**What needs to be done:**
Transcribe exactly, and only, the lines running from the one with "rooms-junior-suite-sea-front-private-pool" to the end of the entries below, both included, without any pictures.

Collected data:
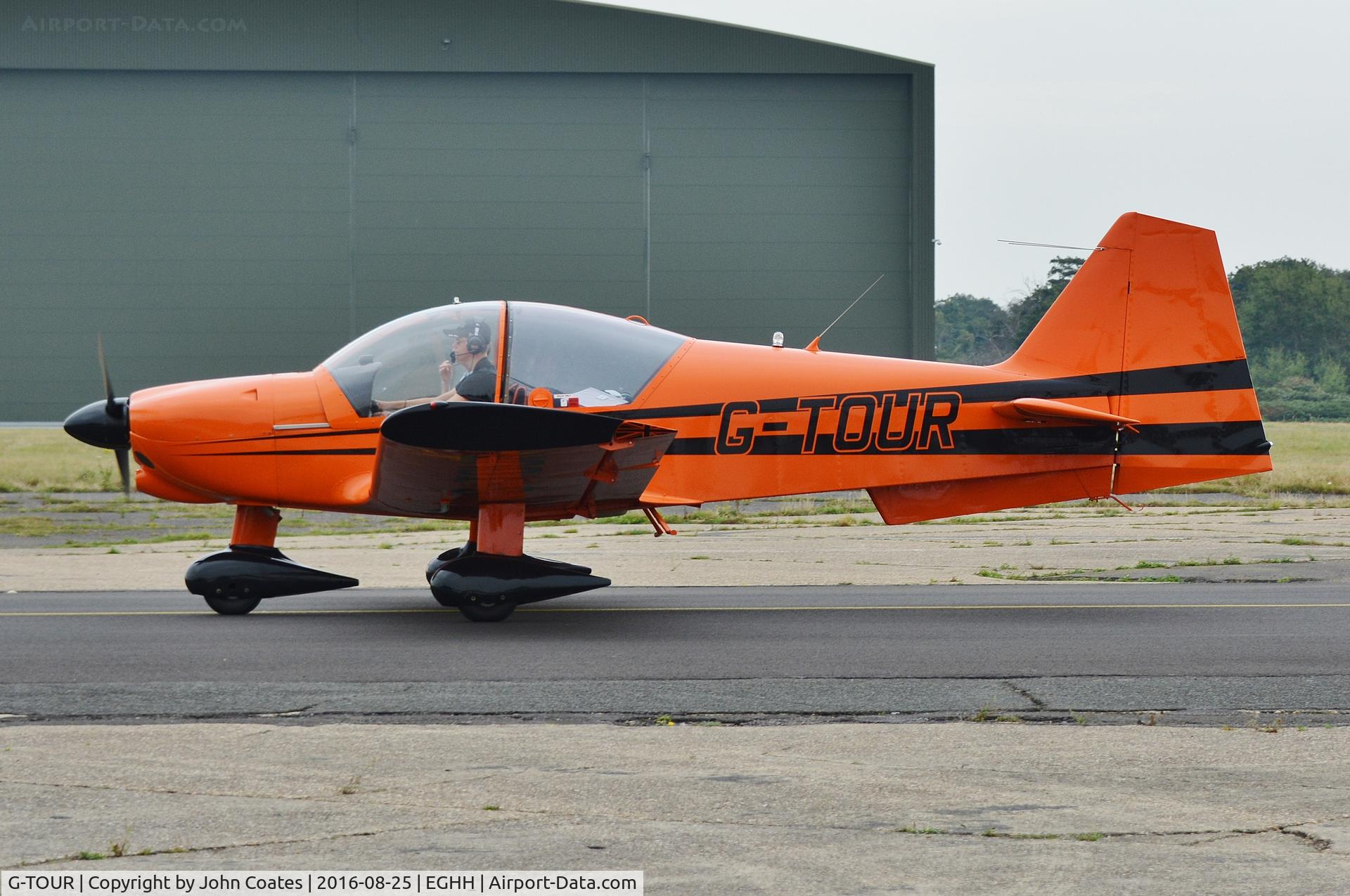 G-TOUR, 1979 Robin R-2112 Alpha C/N 187, Taxiing in on arrival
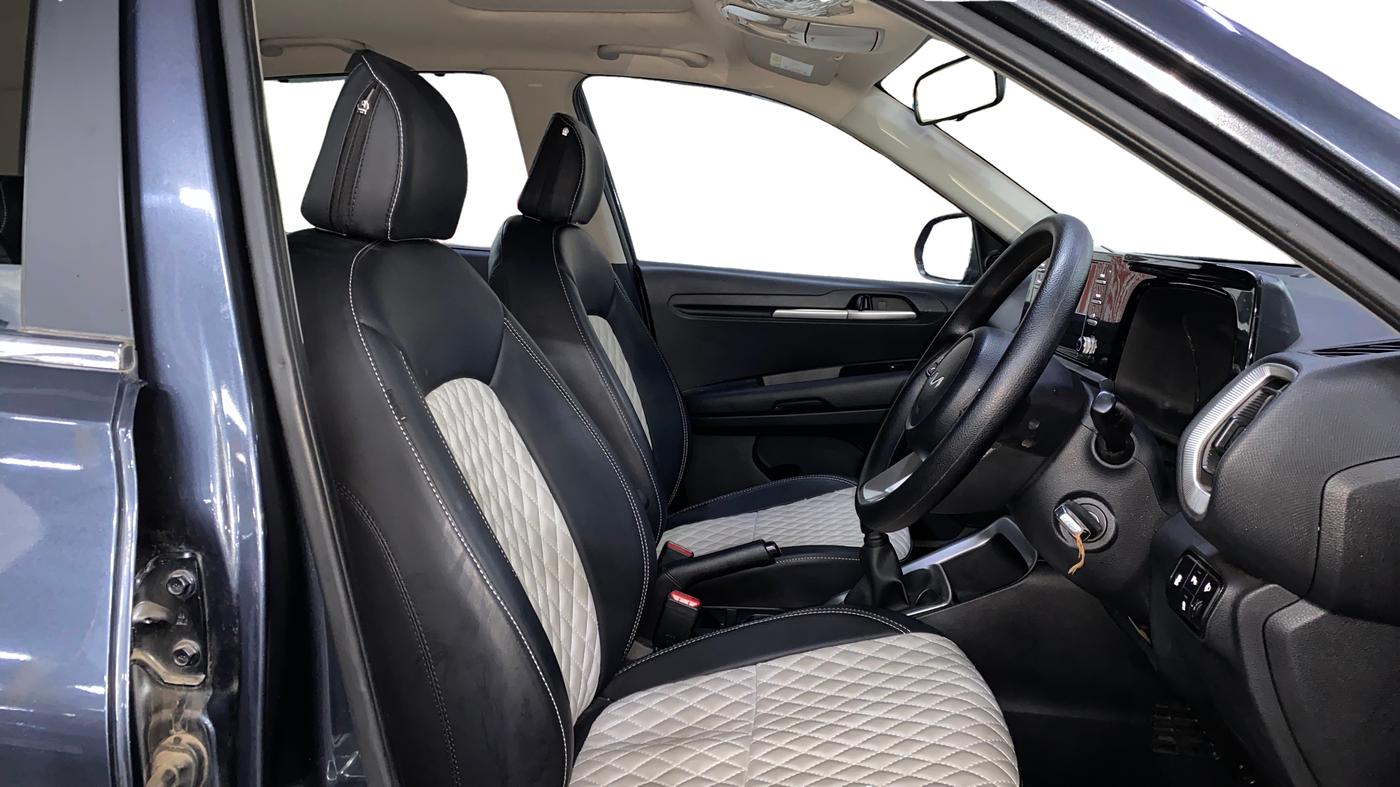 2024 KIA SONET HTK (O) 1.2 Petrol MT, Petrol, Manual, 11,521 km, Right Side Front Door Cabin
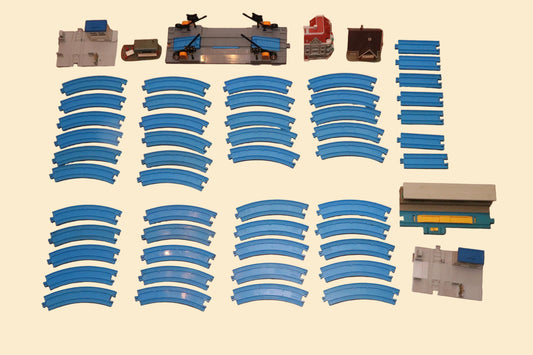 Takara Tomy Plarail Treinset – 88-delig met 3 Werkende Treinen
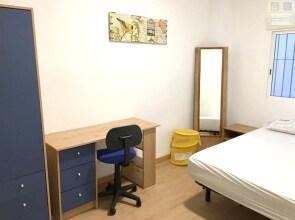 Apartment with 4 bedrooms in Cartagena with WiFi 4 km from the beach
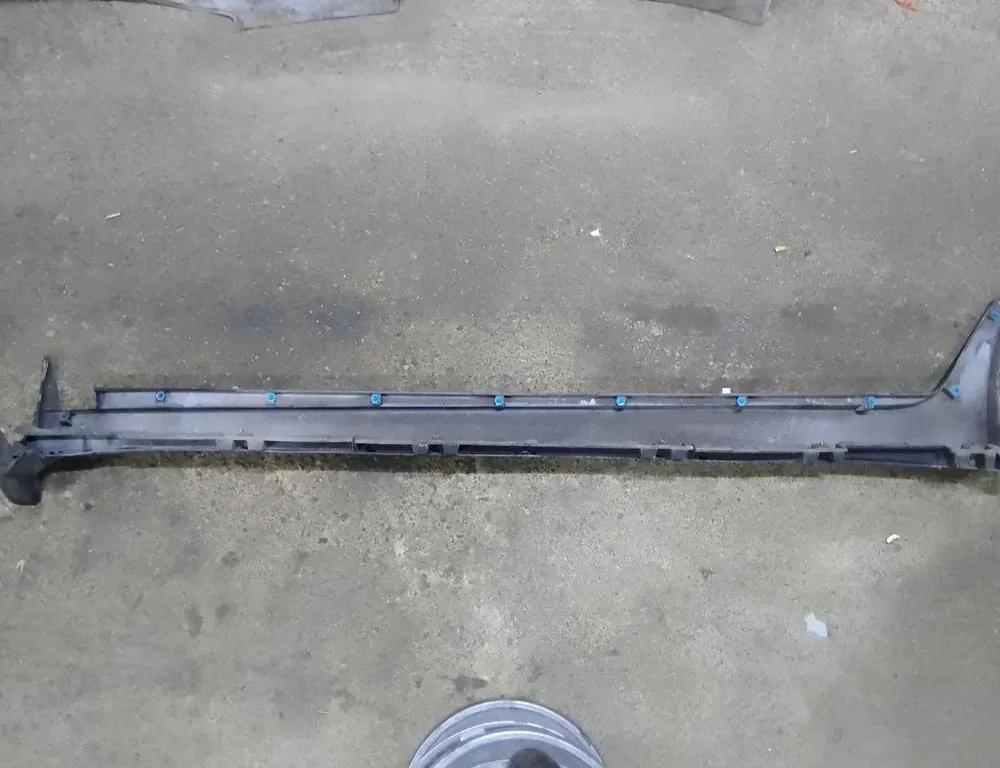 MITSUBISHI Grandis 1 generation (2003-2011) Right Side Plastic Sideskirt Cover 35079884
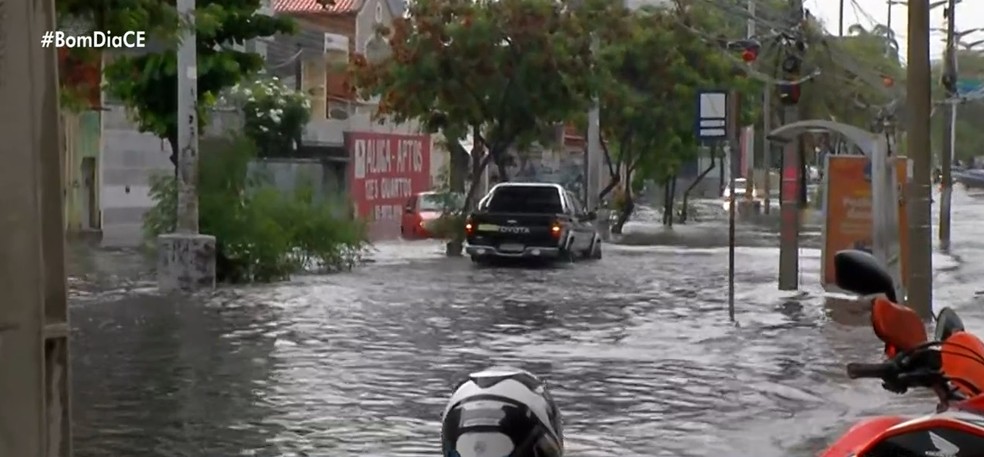 Avenida Heráclito Graça fica alagada em manhã de forte chuva — Foto: TV Verdes Mares/Reprodução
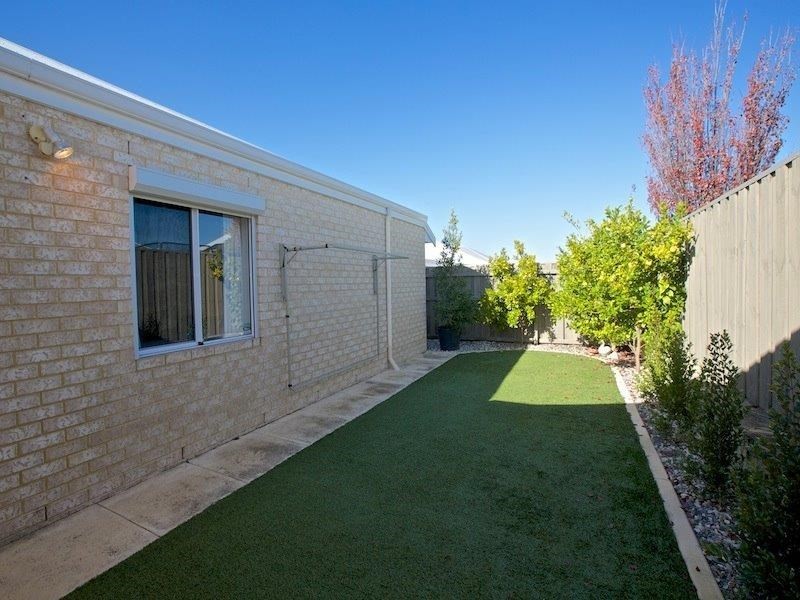 14 Simmonds Pass, Ellenbrook WA 6069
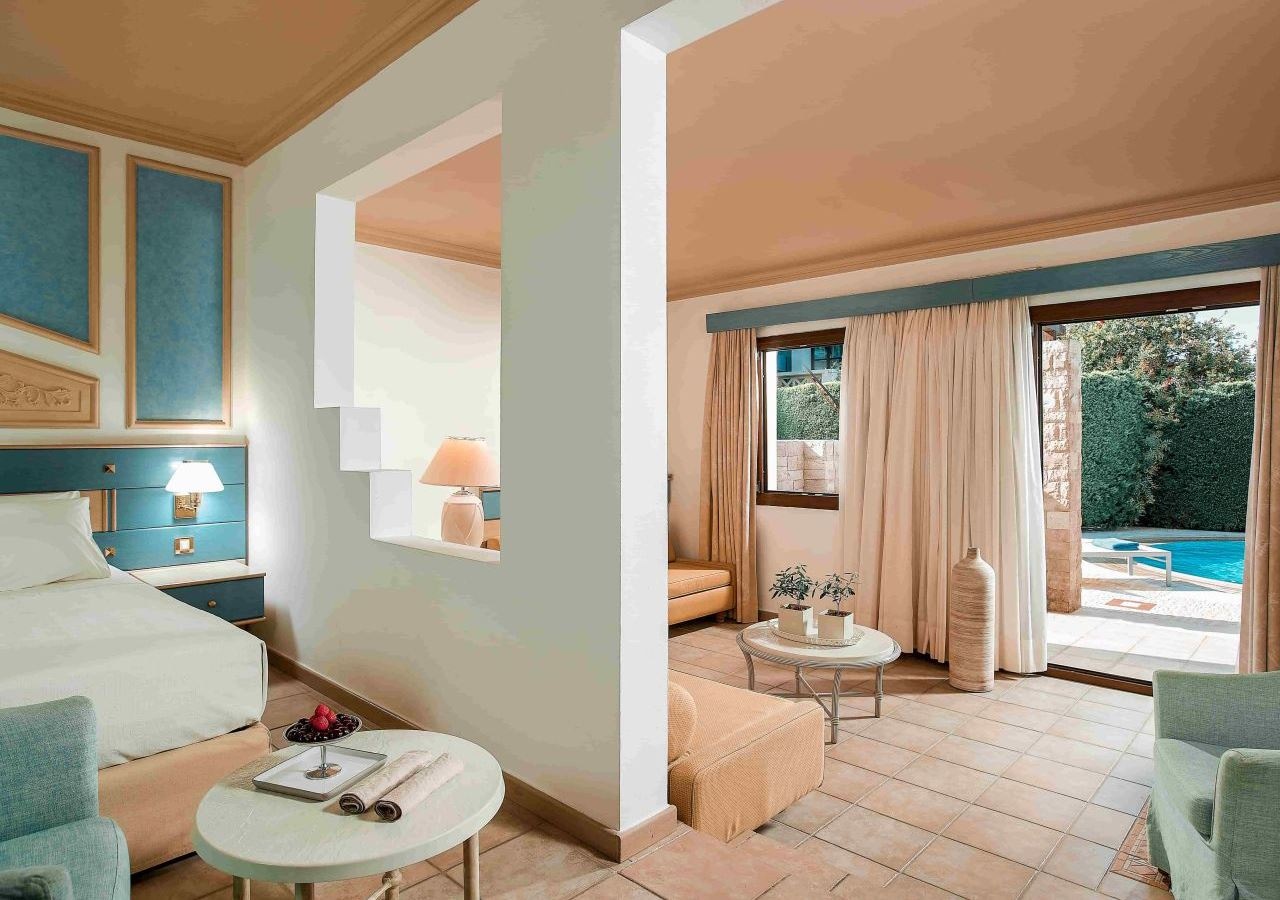 rooms-junior-suite-sea-front-private-pool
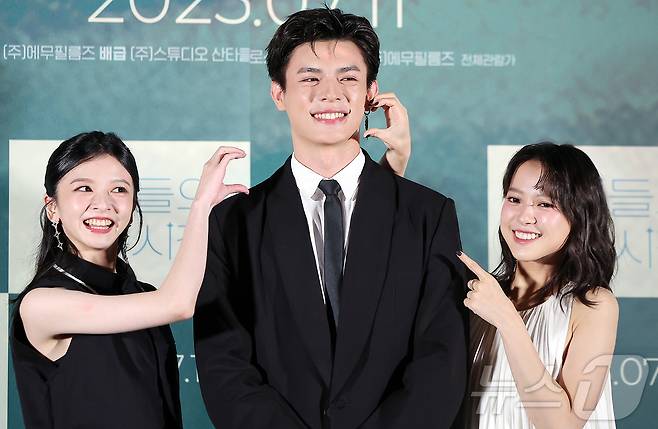 대만 배우 진연비(왼쪽부터)와 구이태, 항첩여가 10일 오후 서울 용산구 CGV용산아이파크몰에서 열린 영화 ‘우리들의 교복시절’ 언론시사회에 참석해 포즈를 취하고 있다. '우리들의 교복시절'은 대만 명문고 야간반에 입학한 '아이'와 같은 책상을 쓰는 주간반 엘리트 '민'이 절친이 되지만, 제일고 인기남 '루커'를 동시에 좋아하며 삼각관계가 되는 이야기로 오는 11일 개봉한다. 2025.7.10/뉴스1 ⓒ News1 김진환 기자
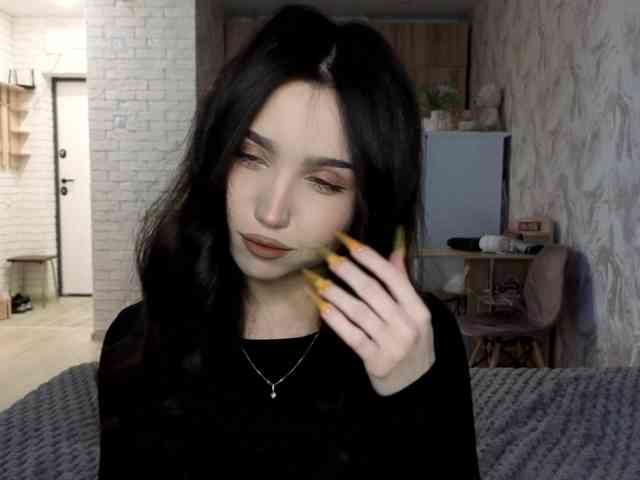 Yuliakim's cam show statistics and live stream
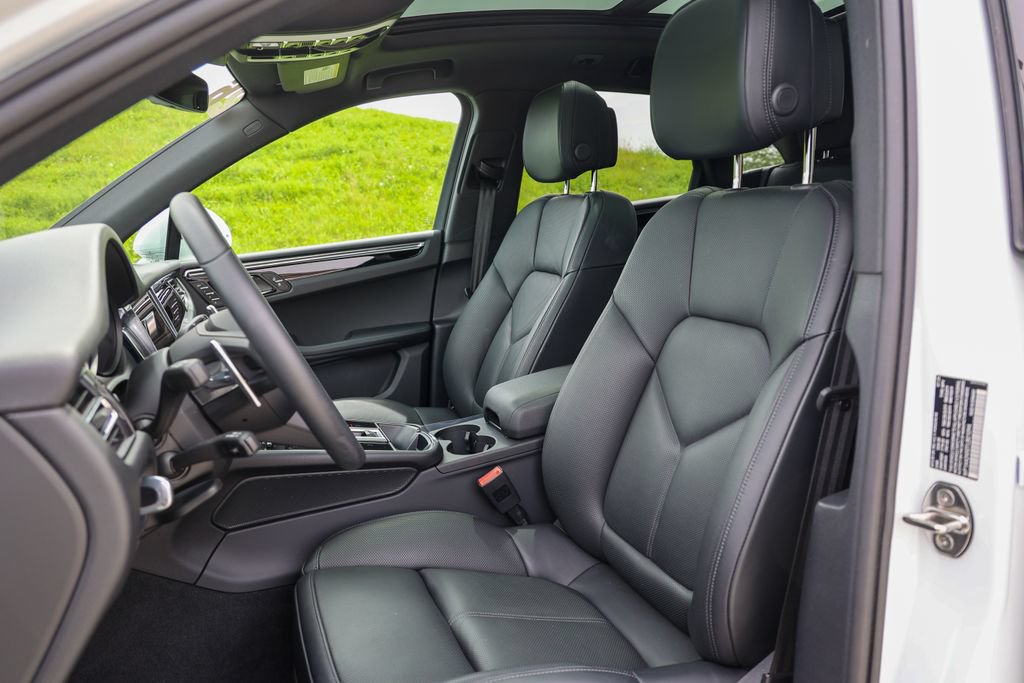 Certified 2026 Porsche Macan AWD/4WD image 5
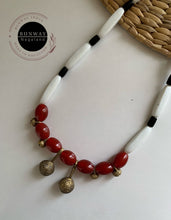 Load image into Gallery viewer, RUNWAY NAGALAND NECKLACE
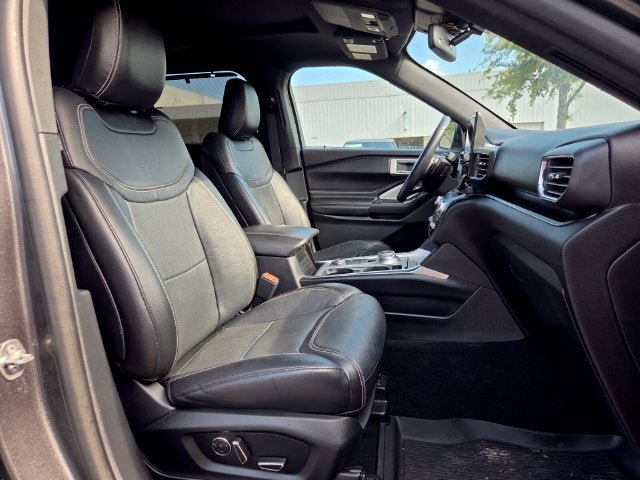 Used 2020 Ford Explorer ST w/ ST Street Pack AWD/4WD image 23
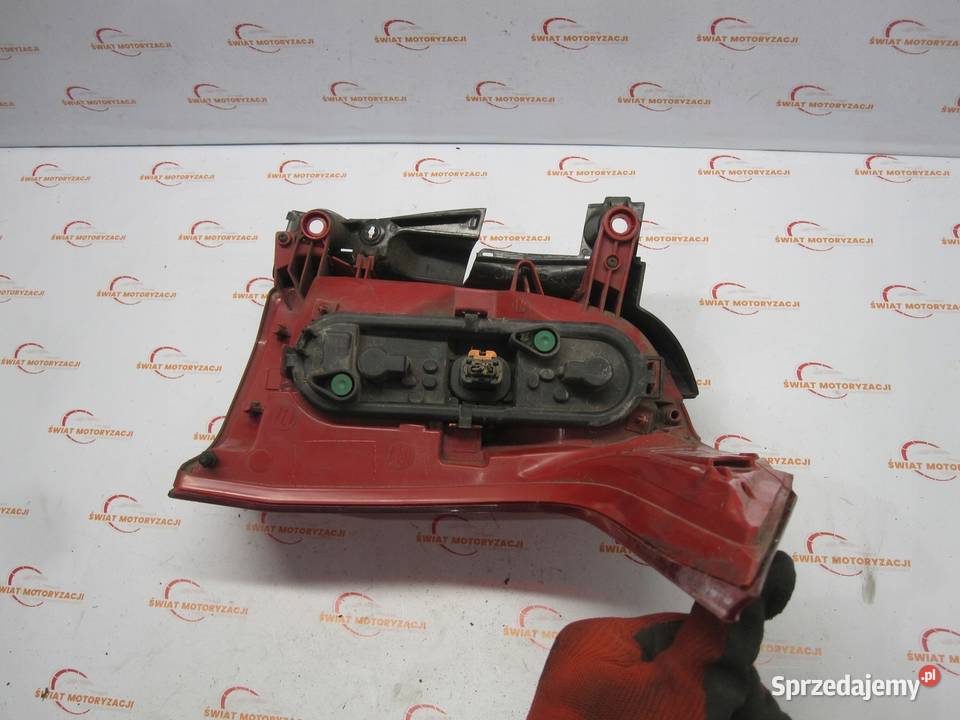 PEUGEOT 5008 I lampa lewa tył Lampy tylne Kielce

**Solution for this problem:**
 rooms-junior-suite-sea-front-private-pool
 대만 배우 진연비(왼쪽부터)와 구이태, 항첩여가 10일 오후 서울 용산구 CGV용산아이파크몰에서 열린 영화 ‘우리들의 교복시절’ 언론시사회에 참석해 포즈를 취하고 있다. '우리들의 교복시절'은 대만 명문고 야간반에 입학한 '아이'와 같은 책상을 쓰는 주간반 엘리트 '민'이 절친이 되지만, 제일고 인기남 '루커'를 동시에 좋아하며 삼각관계가 되는 이야기로 오는 11일 개봉한다. 2025.7.10/뉴스1 ⓒ News1 김진환 기자
 Yuliakim's cam show statistics and live stream
 Certified 2026 Porsche Macan AWD/4WD image 5
 Load image into Gallery viewer, RUNWAY NAGALAND NECKLACE
 Used 2020 Ford Explorer ST w/ ST Street Pack AWD/4WD image 23
 PEUGEOT 5008 I lampa lewa tył Lampy tylne Kielce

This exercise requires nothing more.